Zimlive.com spoke to one of the passengers onboard flight FN8332, who did not want to be named. They alleged that the airline asked them to disembark and return to the terminal. The passenger claimed the airline informed them that the plane had run out of fuel.  

Fastjet, however, denied the claims that the delay was related to fuel and said a "minor technical defect occurred."

“The airline would like to factually clarify the events regarding flight FN8332 operating from Johannesburg to Harare,” the airline said in a statement.  

The statement revealed that on December 8, the flight was scheduled to operate during a period where Johannesburg experienced poor weather conditions. 

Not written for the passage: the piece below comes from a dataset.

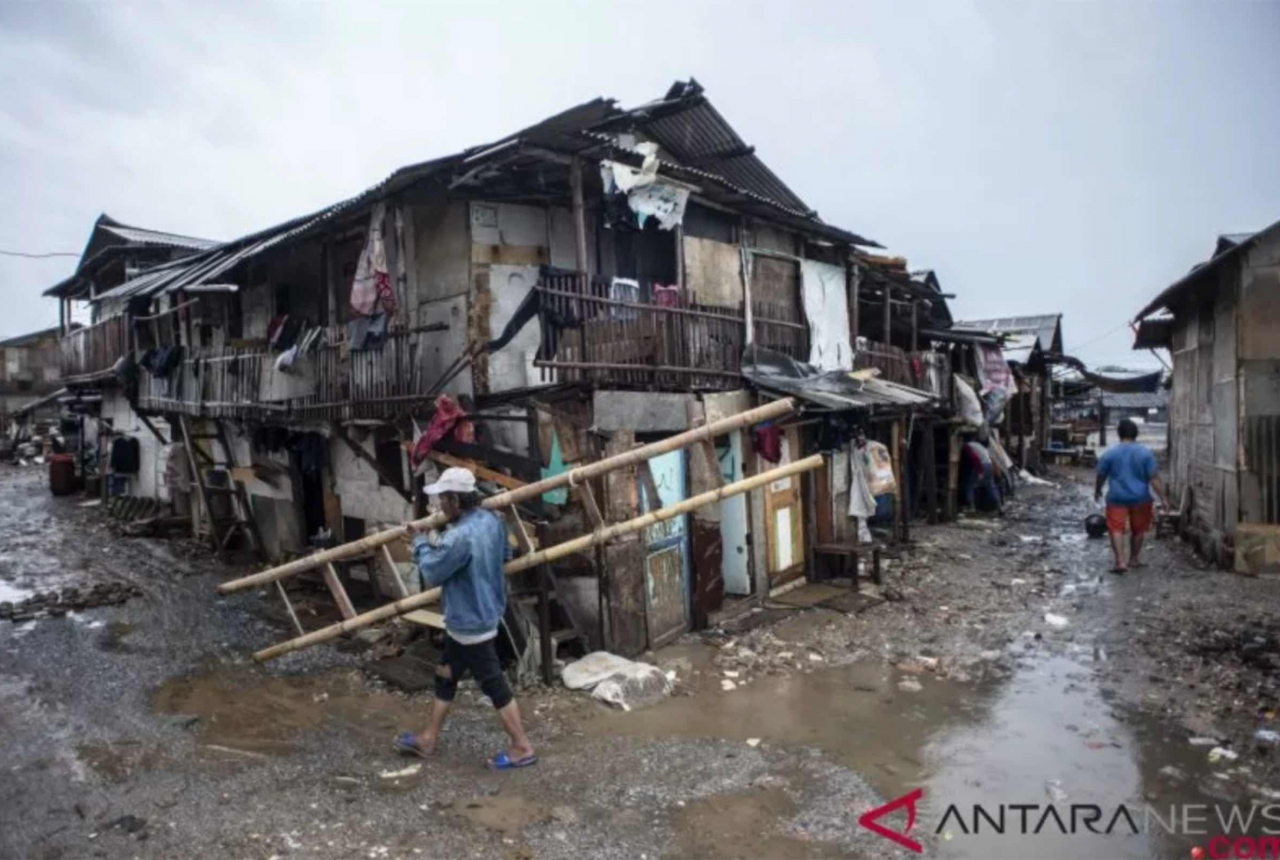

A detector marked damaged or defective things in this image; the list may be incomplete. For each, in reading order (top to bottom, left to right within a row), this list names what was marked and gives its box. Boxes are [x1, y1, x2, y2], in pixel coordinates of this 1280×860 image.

"These adverse weather conditions on the day were resulting in aircraft departures having to wait longer than usual for their takeoff clearances. 

“Following the receipt of departure clearance, a minor technical defect occurred, not related to fuel, and this resulted in a precautionary decision by the crew to discontinue the take off procedure.

“The aircraft was then required to rejoin a queue where a higher number of aircraft were now waiting for their take off clearances. Having evaluated the situation and the anticipated ongoing and lengthy waiting time, the crew decided to return to their parking bay to top up with fuel,” the statement revealed. 

The airline stated that in poor weather conditions, the number of aircraft waiting in line for departure is higher than normal, which resulted in a longer ground taxi time and fuel burn. 

 The statement further revealed: “The decision by the crew to top up the fuel, to enhance operating and safety requirements due to the weather conditions, was fully in accordance with normal safety, operational and regulatory standards.

“At no time was the flight scheduled for take-off without adequate fuel. All actions taken by the crew were in line with operating procedures and the safety of the passengers was not compromised,” it revealed.